Below are entries. Reproduce exactly the lines between the line holding "独立式亚克力浴缸家用成人简易方形浴盆小户型1.4-1.7米淋浴一体" and the line holding "Funny Notebook with", inclusive, and only those.

> _RECORDS SUPPLIED_
_ _ _ _

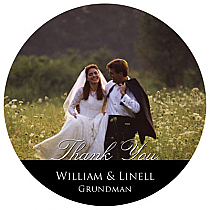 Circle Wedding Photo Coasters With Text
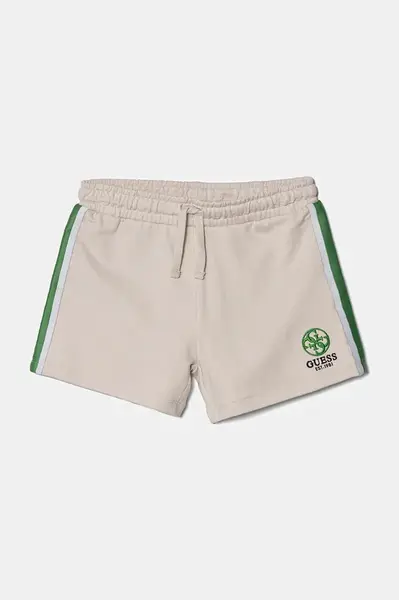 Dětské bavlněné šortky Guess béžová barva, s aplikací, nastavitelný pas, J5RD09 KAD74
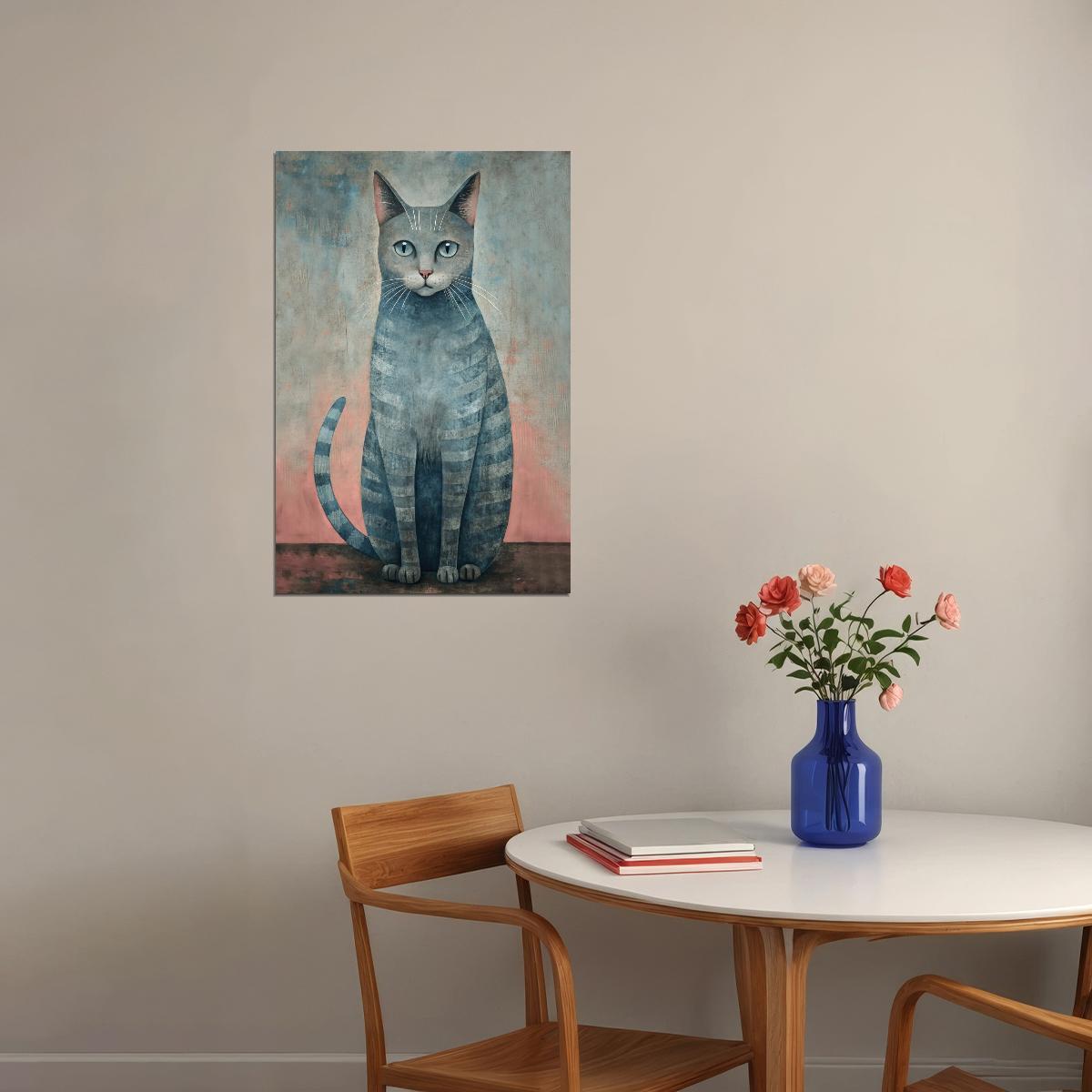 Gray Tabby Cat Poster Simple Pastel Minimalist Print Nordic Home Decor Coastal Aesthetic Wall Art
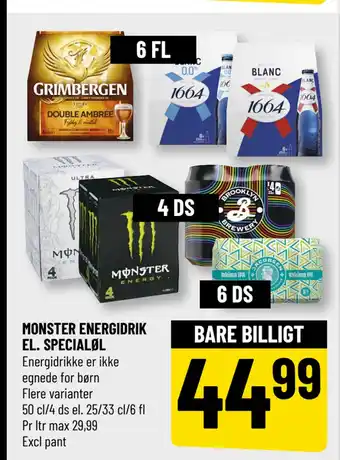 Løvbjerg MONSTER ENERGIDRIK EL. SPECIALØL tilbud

_ _ _ _

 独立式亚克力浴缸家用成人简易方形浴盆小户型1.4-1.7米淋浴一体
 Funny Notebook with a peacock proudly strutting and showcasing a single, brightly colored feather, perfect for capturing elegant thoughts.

_ _ _ _

> _WRITTEN ANSWER_
 独立式亚克力浴缸家用成人简易方形浴盆小户型1.4-1.7米淋浴一体
 Funny Notebook with a peacock proudly strutting and showcasing a single, brightly colored feather, perfect for capturing elegant thoughts.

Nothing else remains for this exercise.